EXERCISE AIM:
Where an entry below contains an image, skip the image and reproduce the rest exactly.

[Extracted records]
┌──
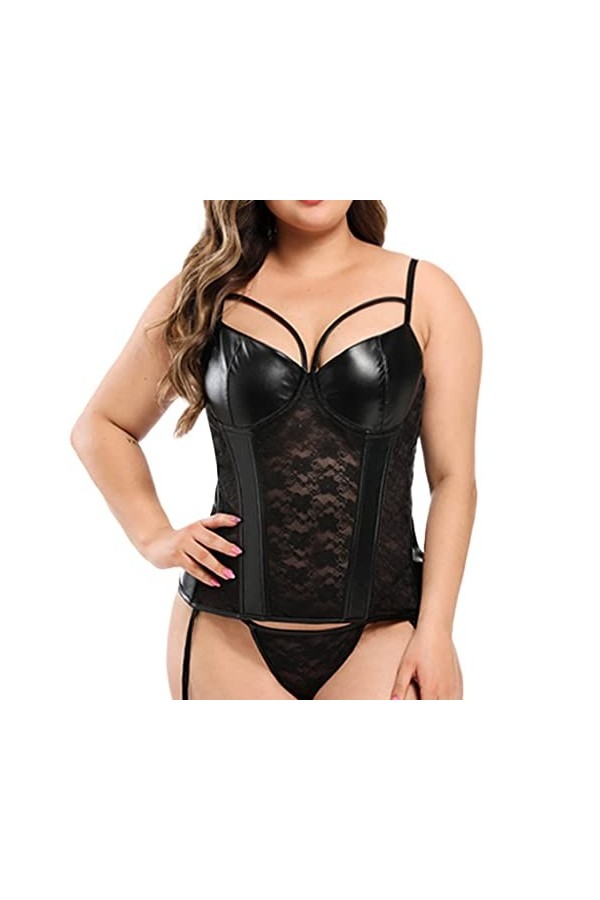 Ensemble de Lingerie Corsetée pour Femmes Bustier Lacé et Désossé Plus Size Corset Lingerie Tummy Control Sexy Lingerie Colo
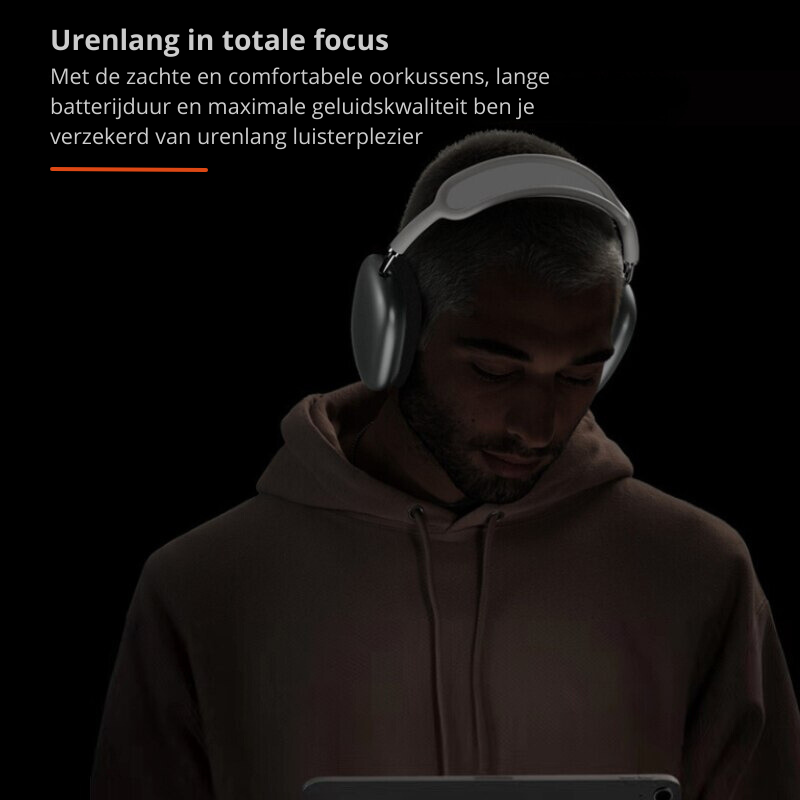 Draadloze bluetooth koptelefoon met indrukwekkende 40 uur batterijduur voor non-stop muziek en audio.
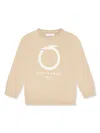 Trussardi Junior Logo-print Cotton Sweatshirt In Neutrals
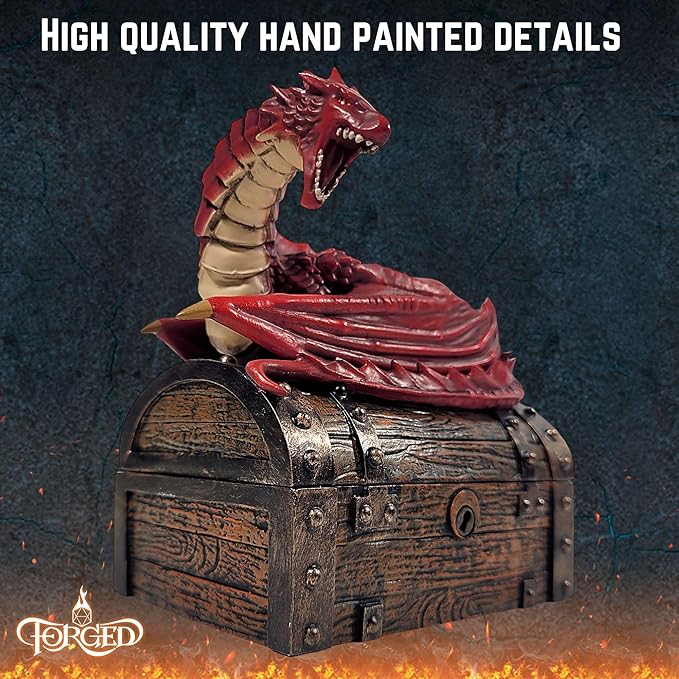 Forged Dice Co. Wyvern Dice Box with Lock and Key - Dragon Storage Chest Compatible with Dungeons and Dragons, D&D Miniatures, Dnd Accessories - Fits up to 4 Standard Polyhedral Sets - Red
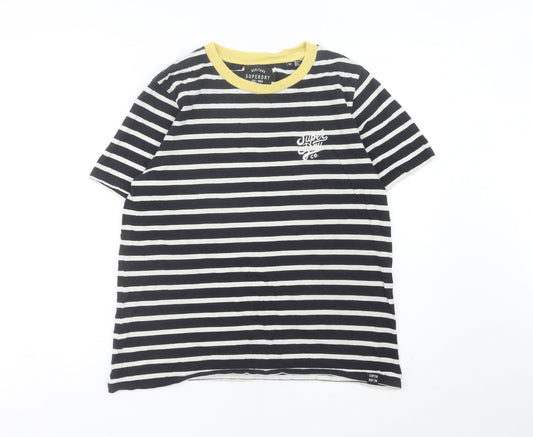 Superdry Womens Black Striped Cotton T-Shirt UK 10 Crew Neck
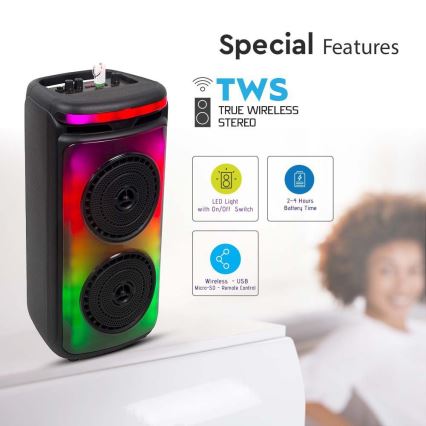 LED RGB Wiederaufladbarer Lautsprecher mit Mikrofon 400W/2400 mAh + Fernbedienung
└──
REPLY TO THE TASK:
 Ensemble de Lingerie Corsetée pour Femmes Bustier Lacé et Désossé Plus Size Corset Lingerie Tummy Control Sexy Lingerie Colo
 Draadloze bluetooth koptelefoon met indrukwekkende 40 uur batterijduur voor non-stop muziek en audio.
 Trussardi Junior Logo-print Cotton Sweatshirt In Neutrals
 Forged Dice Co. Wyvern Dice Box with Lock and Key - Dragon Storage Chest Compatible with Dungeons and Dragons, D&D Miniatures, Dnd Accessories - Fits up to 4 Standard Polyhedral Sets - Red
 Superdry Womens Black Striped Cotton T-Shirt UK 10 Crew Neck
 LED RGB Wiederaufladbarer Lautsprecher mit Mikrofon 400W/2400 mAh + Fernbedienung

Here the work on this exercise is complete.